DAVAO CITY INFORMATION OFFICE PHOTO

DAVAO CITY — The Inter-Agency Task Force for the Management of Emerging Infectious Diseases (IATF) has placed Davao City under modified enhanced community quarantine (MECQ), the second most stringent quarantine classification, starting on June 5 to curb the rise of coronavirus disease infections here.

Presidential spokesperson Harry Roque Jr. announced the decision on Friday, just two days after Mayor Sara Duterte made the request to elevate the city’s quarantine level until the end of the month.

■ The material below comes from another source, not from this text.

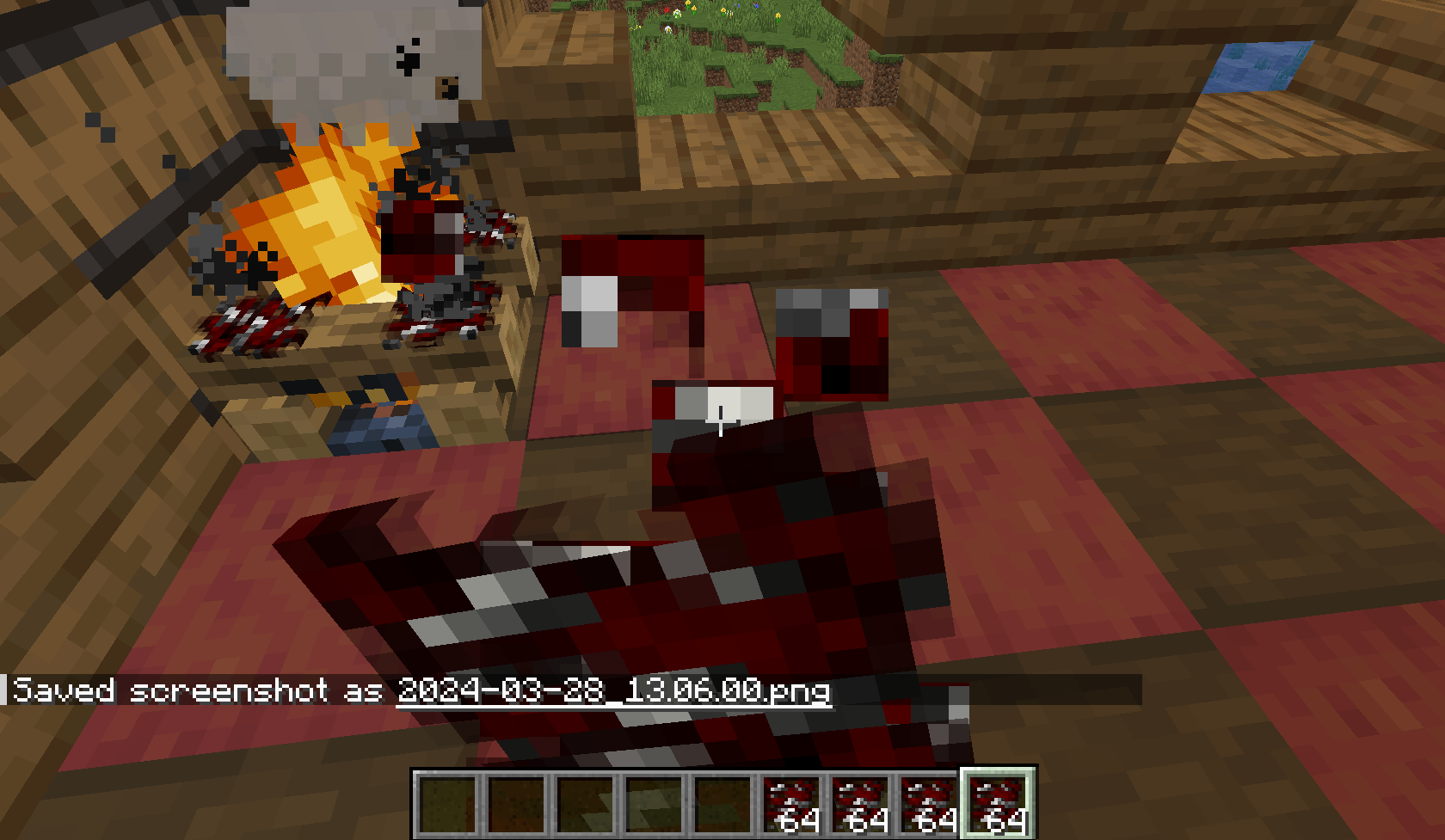 Thumbnail yes,this is edible!
use it in place of food early game!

Duterte’s request was prompted by the high daily growth of COVID-19 cases in the city, which has so far resulted in the lockdown of five call centers and the City Council building. But instead of imposing MECQ up to the end of the month, the IATF cut it short to June 20.

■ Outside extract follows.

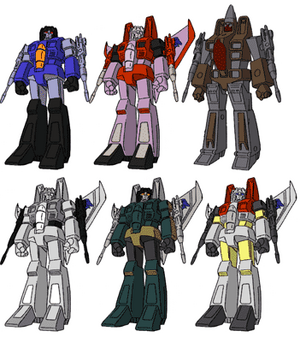 Starscream (G1) - Transformers Wiki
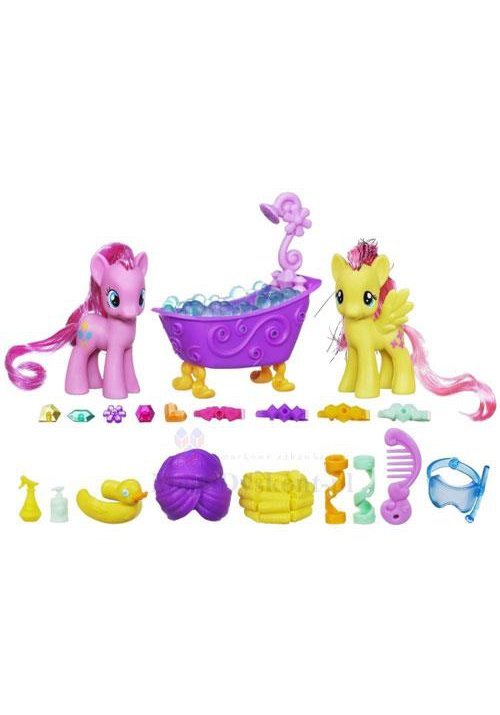 My little pony pinkie pie and fluttershy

Alex Roldan, director of the Department of the Interior and Local Government in Davao Region and chair of the regional IATF, said the MECQ status could be extended beyond June 20 if needed.

The city has been under general community quarantine, the second most relaxed classification, since Nov. 20 last year. But cases have been steadily rising since May, with patients overwhelming the Southern Philippines Medical Center, the COVID-19 referral hospital based in the city, getting overwhelmed by the spike of patients seeking treatment.

Losses

Cagayan de Oro City, Northern Mindanao’s capital, is also facing a spike in cases and was placed under MECQ from June 1 to June 15. It is now projected to lose P2 billion to P2.5 billion in economic output due to restrictions under the classification.

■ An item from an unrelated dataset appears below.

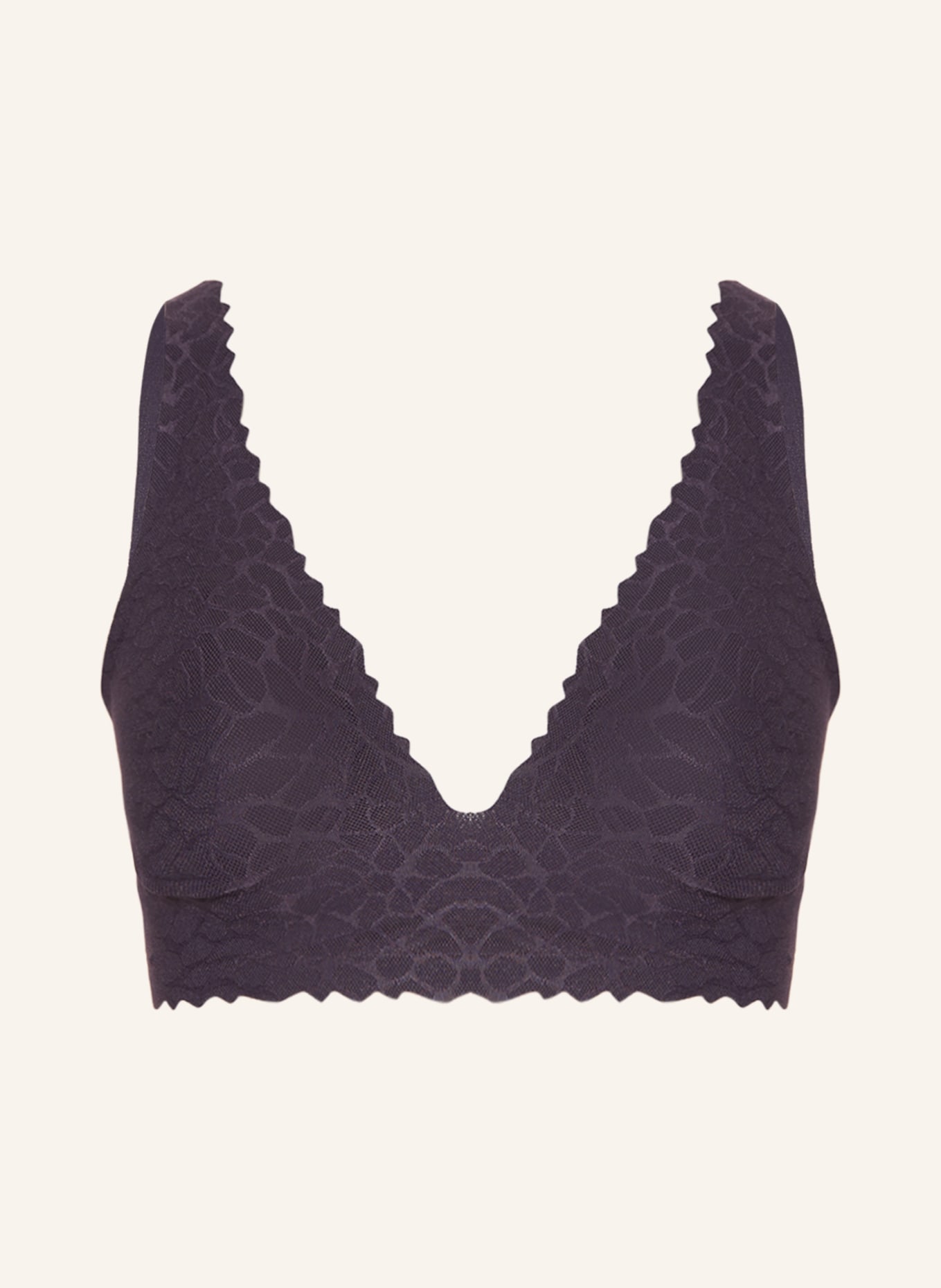 

Бюстье sloggi ZERO FEEL LACE, темно-фиолетовый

National Economic Development Authority Regional Director Mylah Faye Aurora Cariño told reporters on Friday that the estimate was based on the assumption that up to 75 percent of the city’s businesses would cut back on operations.

Cariño said the wholesale and retail trade sector would take the major beating during the MECQ period.

The region has 37,340 total registered businesses as of 2018, of which 9,871 are located in Cagayan de Oro, accounting for 99,875 employees, data from the Philippine Statistics Authority showed.

Bicol, too

In Bicol Region, hospital rooms were also getting full amid a spike in COVID-19 cases in the provinces of Albay, Camarines Sur and Sorsogon.

Dr. Ferchito Avelino, assistant director of the Department of Health in Bicol, said the region’s three government referral hospitals located in the cities of Legazpi in Albay and Naga in Camarines Sur have 957 beds allocated for COVID-19 patients but only 411 or 43 percent are available for occupancy.

More worrisome, he said, was that of the 45 intensive care unit beds allotted to COVID-19 patients in these hospitals, 38 beds or 80 percent were already occupied.

The same situation was happening in Sorsogon where COVID-19 beds at the provincial hospital was 70-percent full, he added.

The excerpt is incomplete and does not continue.